Headline earnings per share of 285 cents increased by 26%.
The cost-to-income ratio improved to 58,9% from 61,6%, continuing the improvement shown in each of the past five years. The return on equity increased by 1%, to 23%.
Jacko Maree, Stanbic Chief Executive, says that the threat of Nedcor’s hostile take-over in 2000 accelerated a thorough review of the bank’s strategies and prospects. "The result was a set of targets that would convince investors and shareholders to retain and renew their faith in the group."
He says the failure of the bid enabled the group to focus without distraction on operational and strategic issues.

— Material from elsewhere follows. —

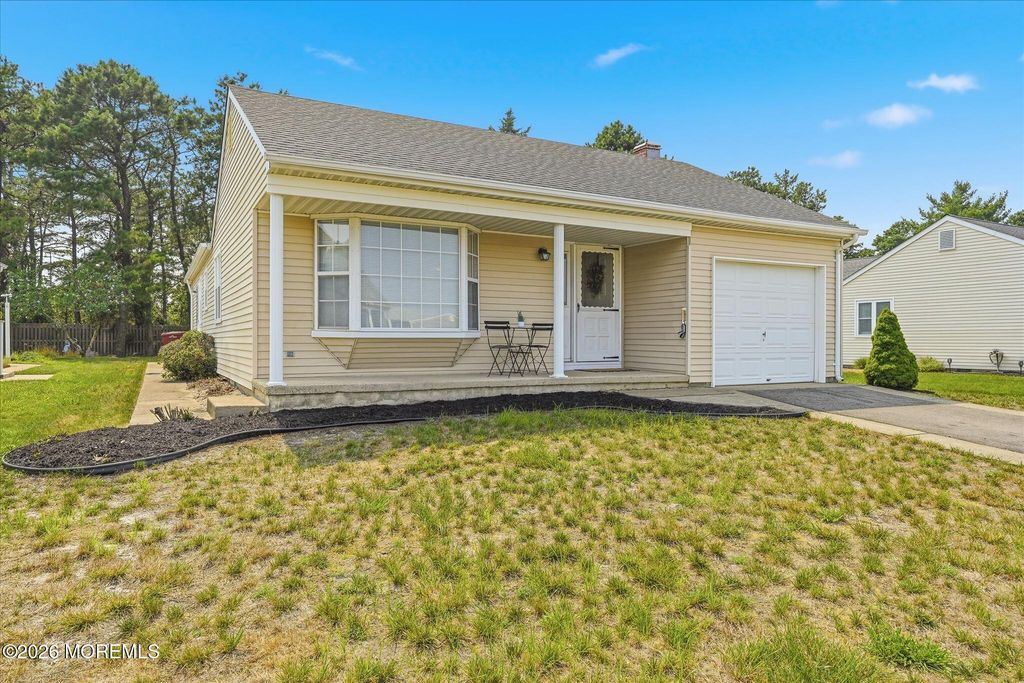 196 Pulaski Boulevard, Toms River, NJ 08757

Business unit contributions to headline earnings were:
Retail Banking: R1 142 million (up 45%)
Standard Corporate and Merchant Bank: R765 million (up 33%)
Commercial Banking: R532 million (up 22%)
International Operations: R569 million (up 25%)
Stanbic Africa: R338 million (up 21%)
Total income, after credit provisions, of R13 035 million was 13% up. Net interest income before provisions increased by 7% to R7 232 million. The margin declined to 3,8% from 3,9% because of lower interest rates and subdued growth in domestic loans and advances.
Net income from Liberty Group of R456 million has been included in the group’s headline earnings for the year.
Non-interest income of R7 208 was 13% up and now comprises half of total income. Fees and commission were 21% up and trading income 3% lower, mainly due to quieter markets and lower volatility. The balance of non-interest income was 13% higher.
The charge for credit losses of R1 405 million was 8% lower than in 1999 and, as a percentage of loans and advances, declined to 1,2% from 1,4%. Included in this charge was R147 million for general debt provision which now amounts to R1 088 million.
Non-performing loans as a percentage of average loans were down to 4,4% from 5,5%. The total balance sheet provision for credit losses of R3 474 million exceeds the new provisioning requirements of the Banks Act.
Operating expenses increased by 6% to R8 506 million and staff costs were 5% up. Cost growth in domestic operations was only 4%.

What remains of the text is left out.